🤖 AI Summary
Addressing the challenge of detecting and segmenting out-of-distribution (OOD) actions in open-world action segmentation, this paper proposes the first end-to-end framework. It introduces an enhanced pyramid graph convolutional network to model multi-scale spatiotemporal dependencies; a Mixup-based unlabeled anomalous action synthesis strategy to mitigate OOD sample scarcity; and a temporal clustering loss jointly optimizing action segmentation and open-set recognition. Evaluated on Bimanual Actions and H2O datasets, our method achieves significant improvements: +16.9% in open-set segmentation F1@50 and +34.6% in OOD detection AUROC. These results demonstrate strong generalization under dynamic real-world conditions and establish a novel paradigm for applications such as assistive robotics and healthcare.
📝 Abstract
Human-object interaction segmentation is a fundamental task of daily activity understanding, which plays a crucial role in applications such as assistive robotics, healthcare, and autonomous systems. Most existing learning-based methods excel in closed-world action segmentation, they struggle to generalize to open-world scenarios where novel actions emerge. Collecting exhaustive action categories for training is impractical due to the dynamic diversity of human activities, necessitating models that detect and segment out-of-distribution actions without manual annotation. To address this issue, we formally define the open-world action segmentation problem and propose a structured framework for detecting and segmenting unseen actions. Our framework introduces three key innovations: 1) an Enhanced Pyramid Graph Convolutional Network (EPGCN) with a novel decoder module for robust spatiotemporal feature upsampling. 2) Mixup-based training to synthesize out-of-distribution data, eliminating reliance on manual annotations. 3) A novel Temporal Clustering loss that groups in-distribution actions while distancing out-of-distribution samples.

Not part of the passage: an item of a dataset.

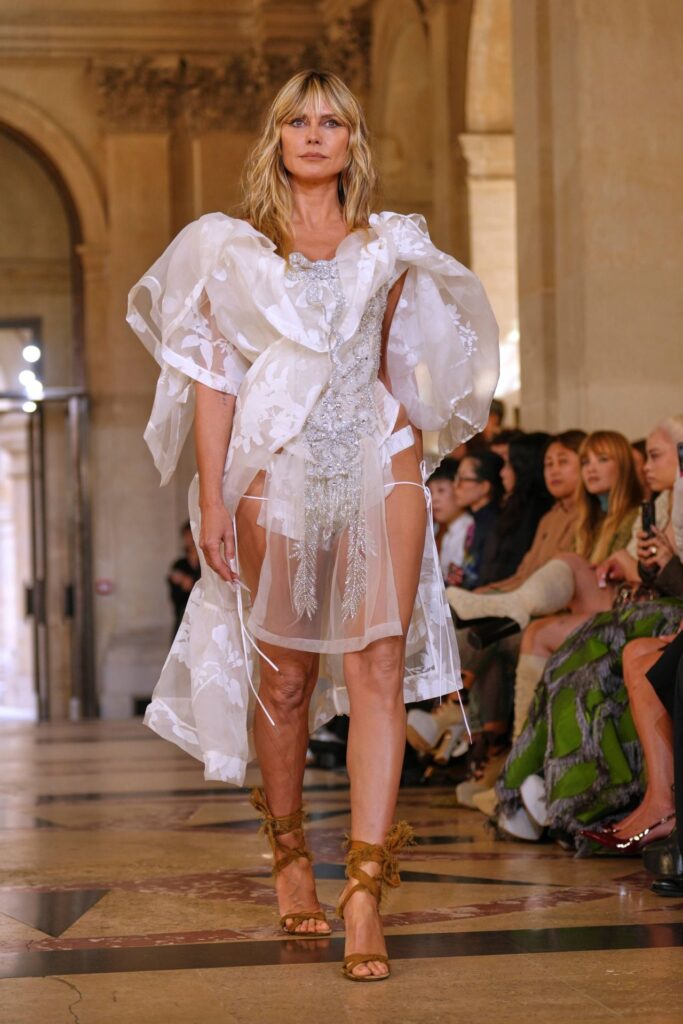 Heidi Klum Theatrical White Gown Paris Fashion Week 2025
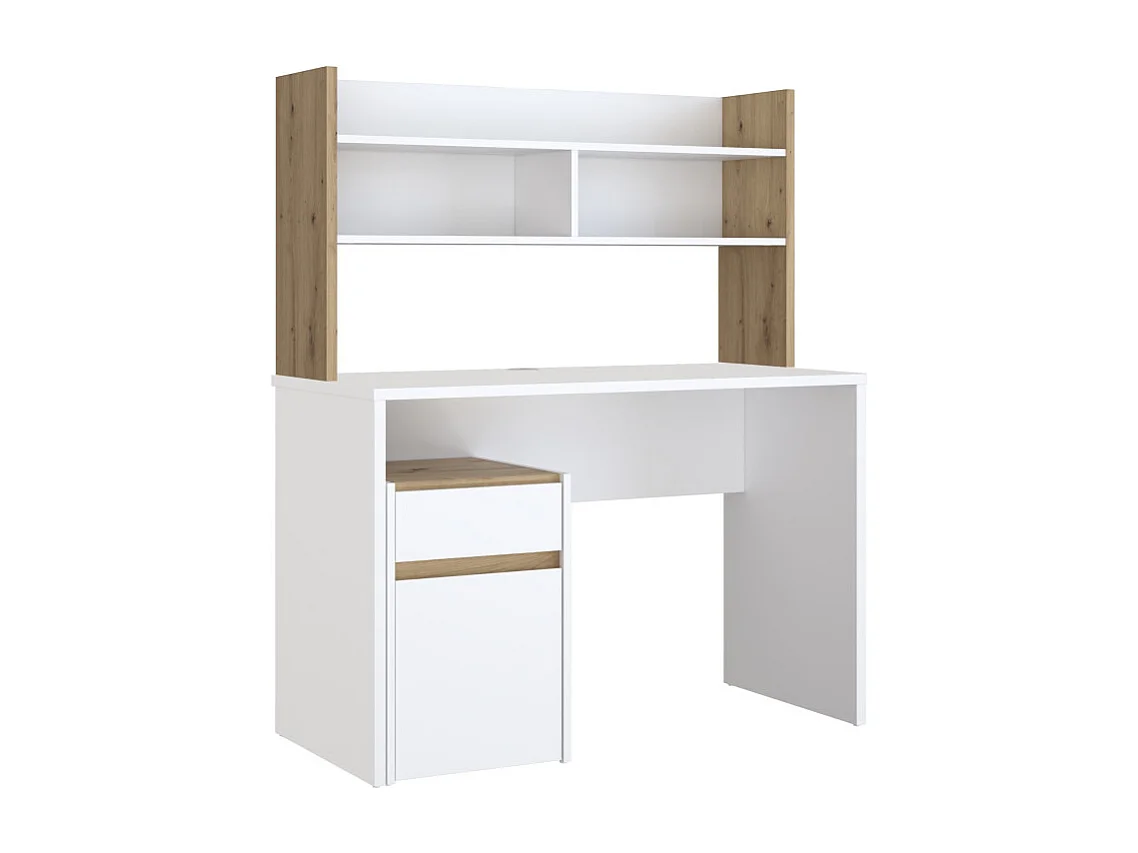 Surmeuble de bureau 110 cm blanc mat et décor bois de chêne - ODYSSÉE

We evaluate our framework on two challenging human-object interaction recognition datasets: Bimanual Actions and 2 Hands and Object (H2O) datasets. Experimental results demonstrate significant improvements over state-of-the-art action segmentation models across multiple open-set evaluation metrics, achieving 16.9% and 34.6% relative gains in open-set segmentation (F1@50) and out-of-distribution detection performances (AUROC), respectively. Additionally, we conduct an in-depth ablation study to assess the impact of each proposed component, identifying the optimal framework configuration for open-world action segmentation.